PostgreSQL 6 minute read

Hai semuanya, Selain INSERT, UPDATE dan DELETE statement ada juga beberapa task seperti cleanup data/storage pada database PostgreSQL dengan menggunakan perintah TRUNCATE dan VACUUM.

Ok jadi langsung aja kita bahas materi yang pertama:

Cleanup data of tables using TRUNCATE

TRUNCATE is a command to empty a table or set of tables. It has the same effect as an unqualified DELETE on each table, but since it does not actually scan the tables it is faster. Furthermore this is most useful on large tables. The syntax is:

TRUNCATE [ TABLE ] [ ONLY ] name [ * ] [, ... ]
    [ RESTART IDENTITY | CONTINUE IDENTITY ] [ CASCADE | RESTRICT ]

Before you execute this command, You must have the TRUNCATE privilege on a table to truncate it.
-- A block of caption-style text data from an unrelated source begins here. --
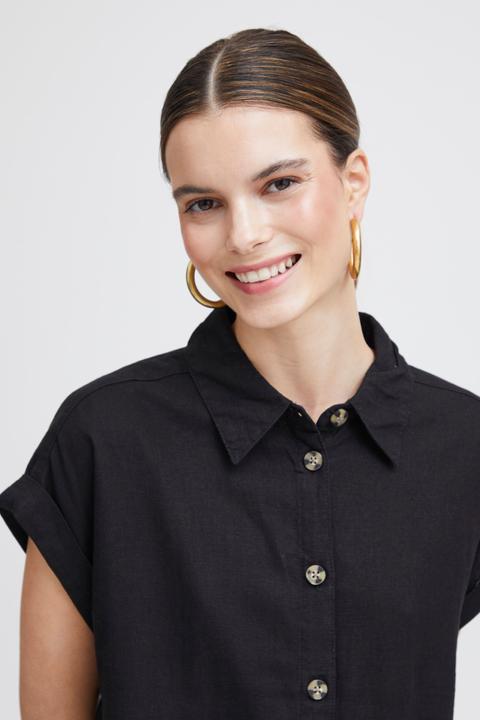 Image du produit B.young BYFALAKKA SS SHIRT DRESS 20814553 (38)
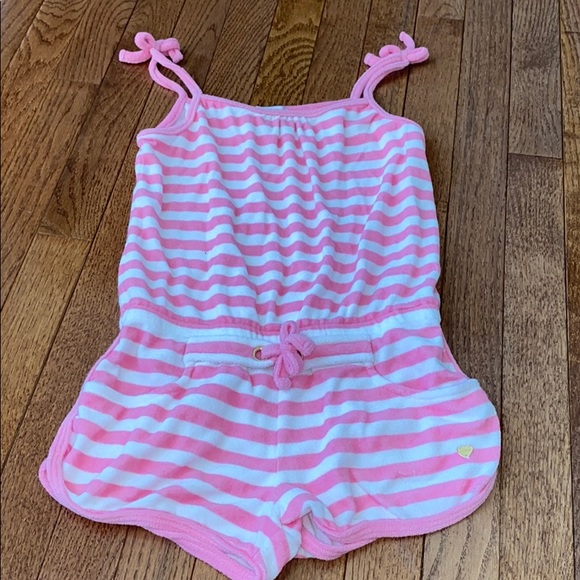 Juicy Couture Romper - Picture 1 of 1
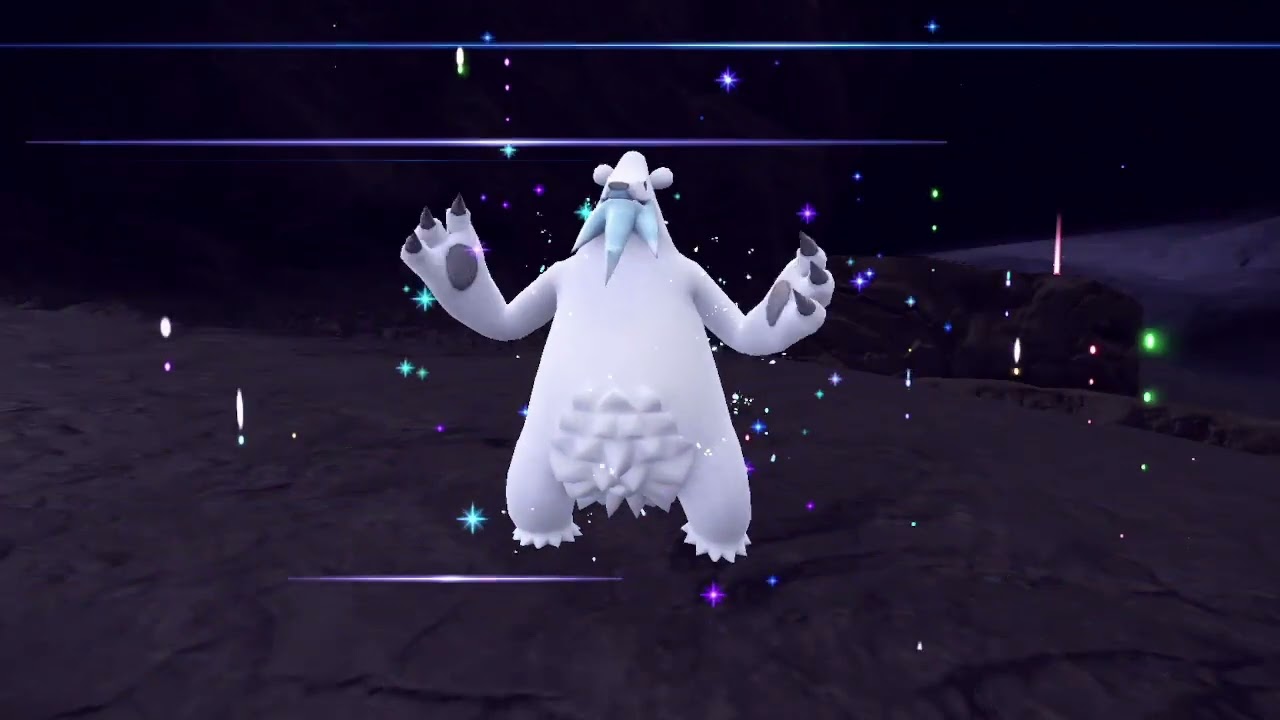 【ポケモンSV】クマシュン進化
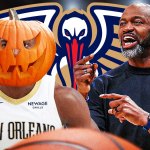 The Pelicans starter already on hot seat as he stares down monster matchups before Halloween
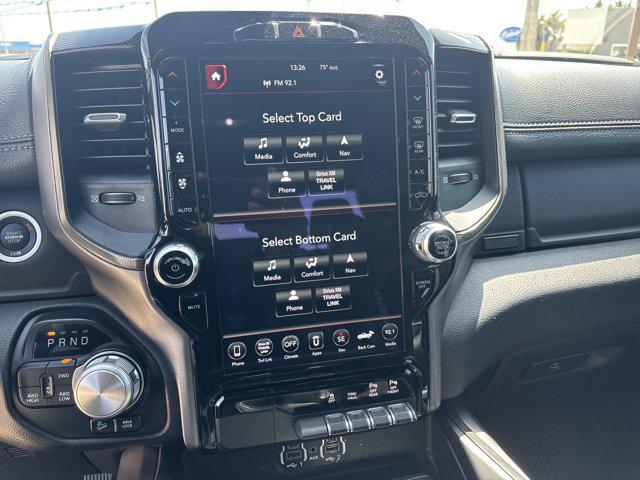 used 2020 Ram 1500 car, priced at $39,999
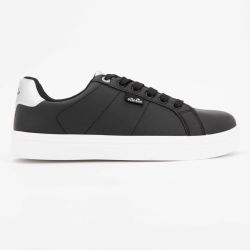 Basket ellesse milton001 black-silver 36/41 Femme ELLESSE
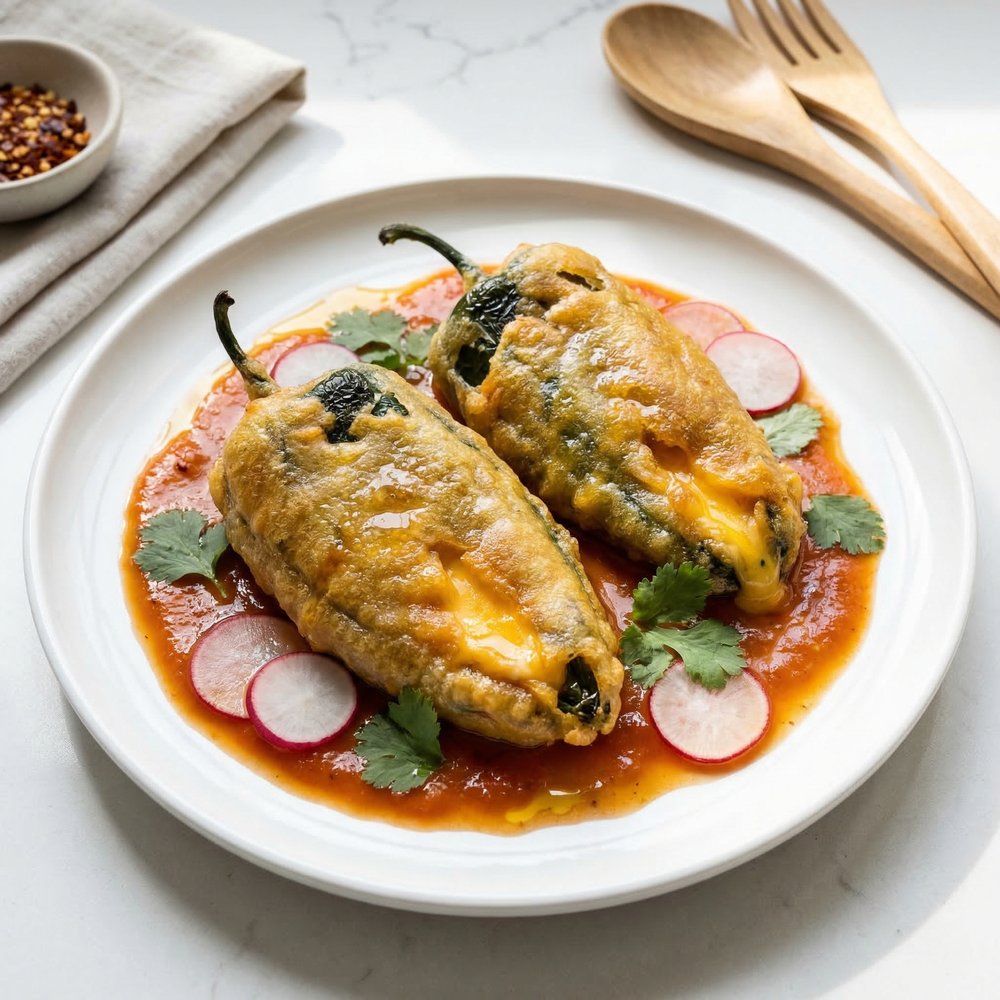 Chiles Rellenos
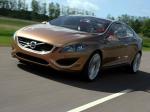 Volvo S60 Concept 2008 года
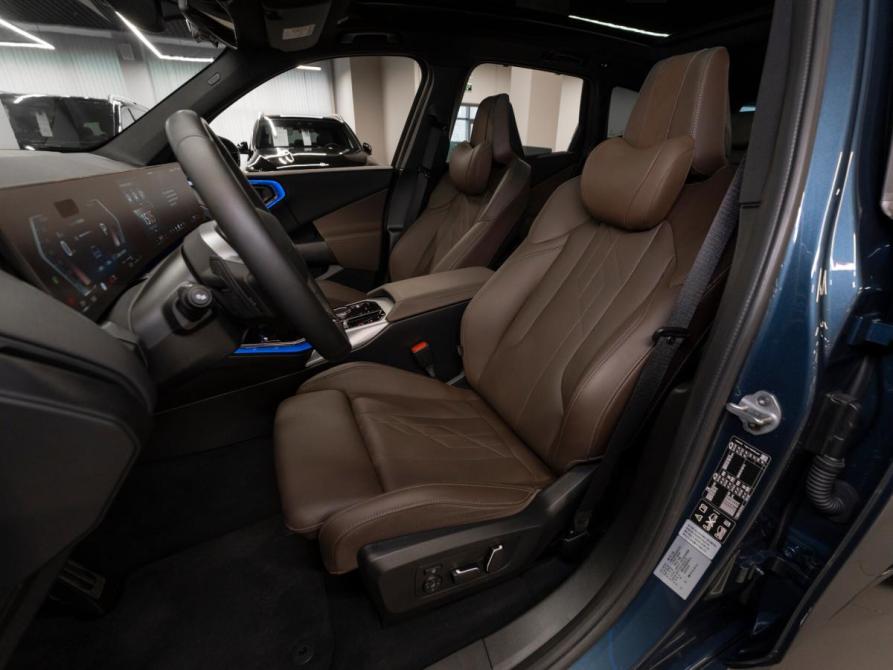 BMW X3 IV (G45/G48) Москва  - изображение 9
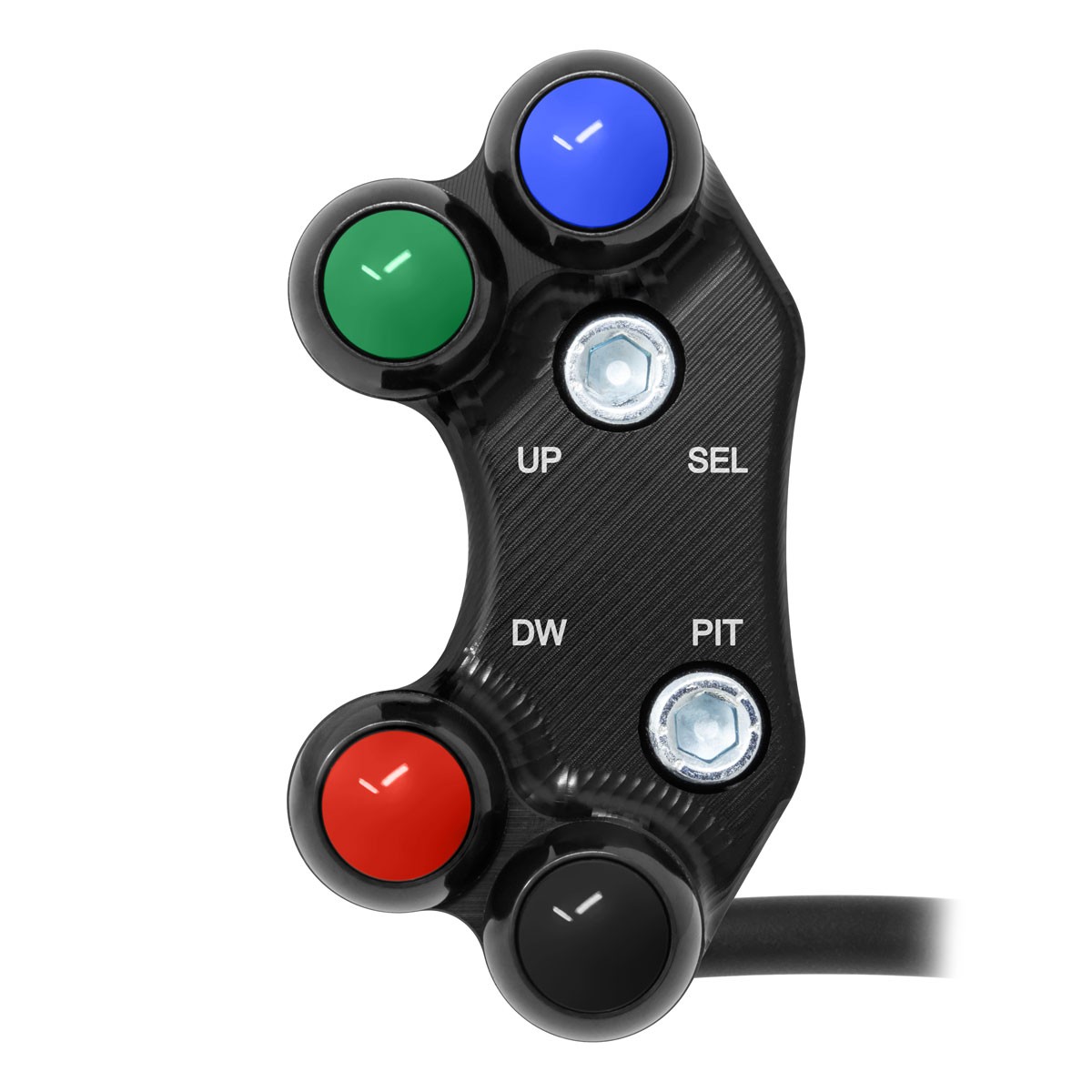 pulsantiera-sinistra-supersport-300-per-yamaha-yzf-r3.jpg Left SuperSport 300 Handlebar Switch for Yamaha YZF-R3 - Image 1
TRUNCATE acquires an ACCESS EXCLUSIVE lock on each table it operates on, which blocks all other concurrent operations on the table. When RESTART IDENTITY is specified, any sequences that are to be restarted are likewise locked exclusively. If concurrent access to a table is required, then the DELETE command should be used instead.

TRUNCATE cannot be used on a table that has foreign-key references from other tables, unless all such tables are also truncated in the same command. Checking validity in such cases would require table scans, and the whole point is not to do one. The CASCADE option can be used to automatically include all dependent tables — but be very careful when using this option, or else you might lose data you did not intend to!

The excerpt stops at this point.